The following code contains a function that would build a n-gram data frame based on the RWeka library. This library is used to build 2-gram, 3-gram and 4-gram models. The top 100 word sequences is only used.

library(RWeka)

corpusDf <-data.frame(text=unlist(sapply(corpus, 
                  `[`, "content")), stringsAsFactors=F)

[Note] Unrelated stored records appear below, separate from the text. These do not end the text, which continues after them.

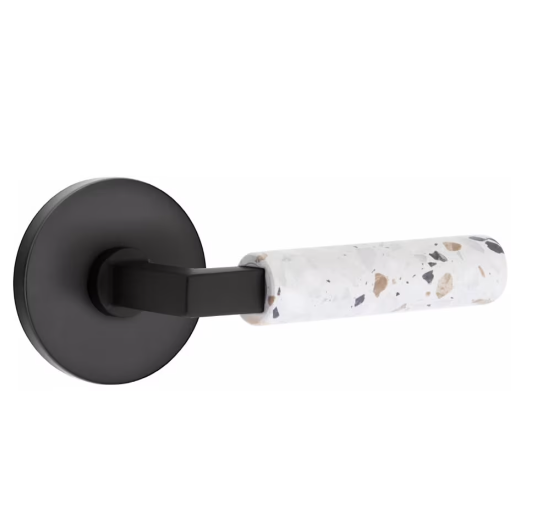 Emtek Select Terrazzo Door Lever Set with L-Square Stem Flat Black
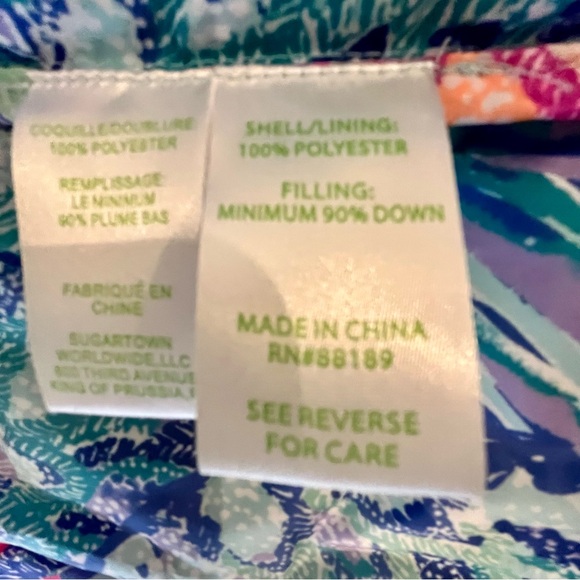 Lilly Pulitzer Elana Puffer Down Vest In Seasalt Blue Size Extra Small XS - Picture 5 of 7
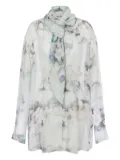 Alberta Ferretti scarf-collar shirt - Grey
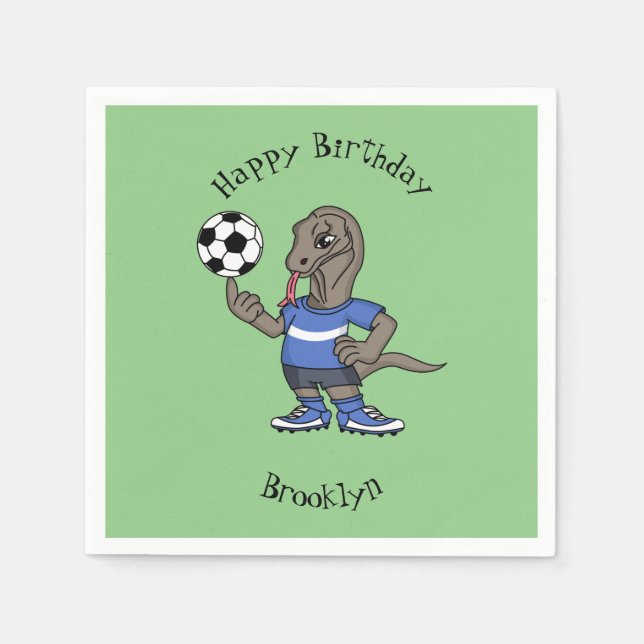 Cute funny Komodo dragon playing soccer cartoon Napkins (Front)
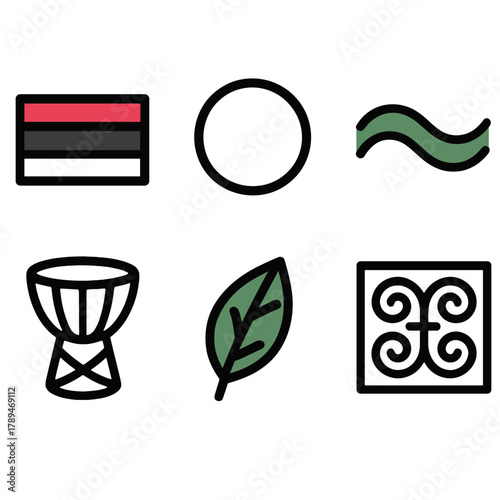 Colorful Unity Icons. Unity in Color linear icon set: red band, black circle, green wave, drum, leaf, heritage motif.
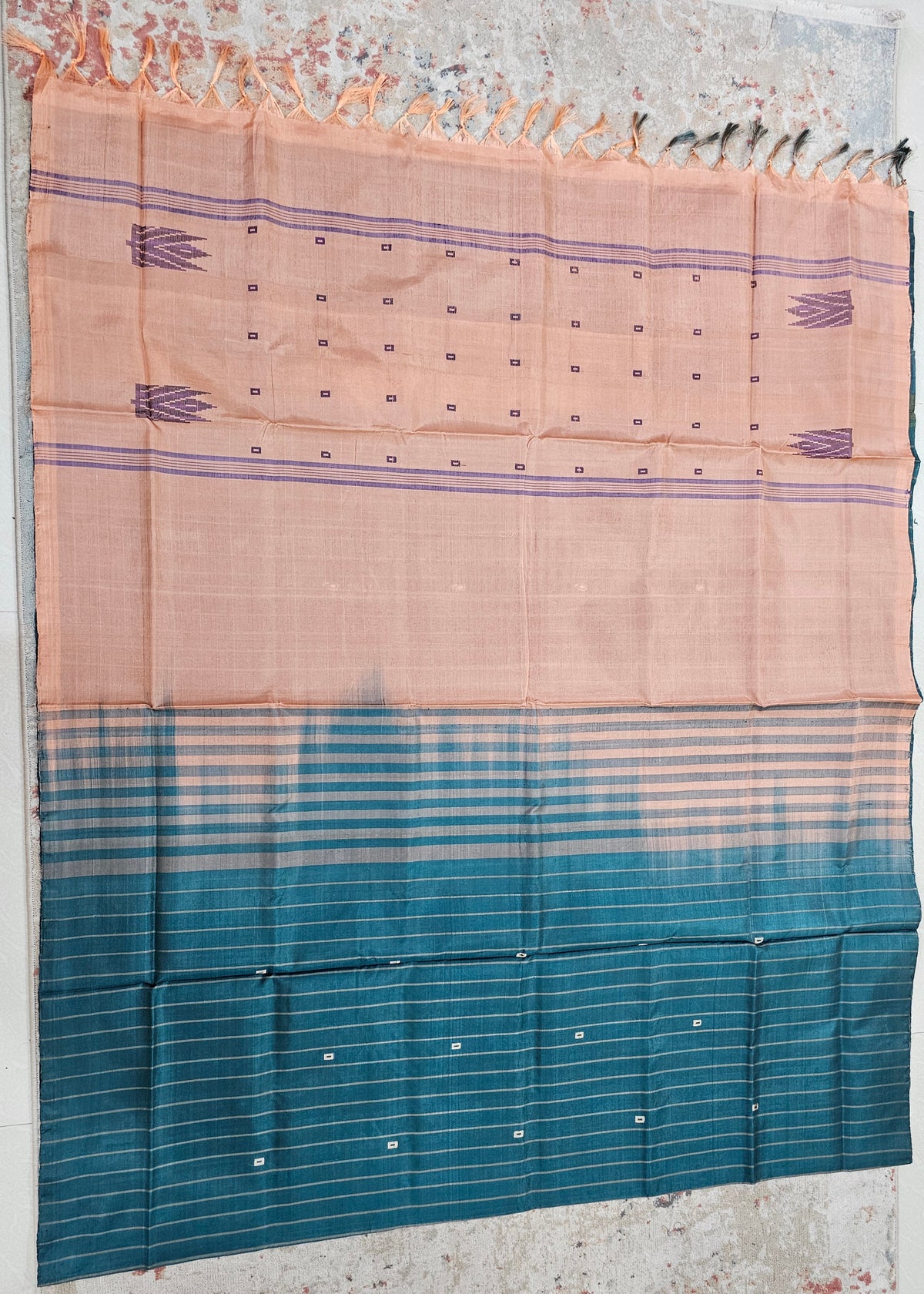 Chinnalampattu Saree - Peacock Green with Peach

findNGrams <- function(corp, grams) {
  ngram <- NGramTokenizer(corp, Weka_control(min = grams, max = grams,
                      delimiters = " \\r\\n\\t.,;:\"()?!"))
  ngram2 <- data.frame(table(ngram))
  #pick only top 25
  ngram3 <- ngram2[order(ngram2$Freq,decreasing = TRUE),][1:100,]
  colnames(ngram3) <- c("String","Count")
  ngram3
}

TwoGrams <- findNGrams(corpusDf, 2)
ThreeGrams <- findNGrams(corpusDf, 3)
FourGrams <- findNGrams(corpusDf, 4)

Exploratory Data Analysis

Plotting WordCloud

library(wordcloud)
## Loading required package: RColorBrewer
require(RColorBrewer)

par(mfrow = c(1, 3))
palette <- brewer.pal(8,"Dark2")

wordcloud(TwoGrams[,1], TwoGrams[,2], min.freq =1, 
          random.order = F, ordered.colors = F, colors=palette)
text(x=0.5, y=0, "2-gram cloud")

wordcloud(ThreeGrams[,1], ThreeGrams[,2], min.freq =1, 
          random.order = F, ordered.colors = F, colors=palette)
text(x=0.5, y=0, "3-gram cloud")

wordcloud(FourGrams[,1], FourGrams[,2], min.freq =1, 
          random.order = F, ordered.colors = F, colors=palette)
text(x=0.5, y=0, "4-gram cloud")

Histograms of the grams

par(mfrow = c(1, 1))

barplot(TwoGrams[1:20,2], cex.names=0.5, names.arg=TwoGrams[1:20,1], col="red", main="2-Grams", las=2)

barplot(ThreeGrams[1:20,2], cex.names=0.5, names.arg=ThreeGrams[1:20,1], col="green", main="3-Grams", las=2)

barplot(FourGrams[1:20,2], cex.names=0.5, names.arg=FourGrams[1:20,1], col="blue", main="4-Grams", las=2)

Plan for Creating Prediction Algorithm and Application

To train the model: * Increase the number of documents (e.g. increase sample size) in order to have more 3- 4- and 5-grams.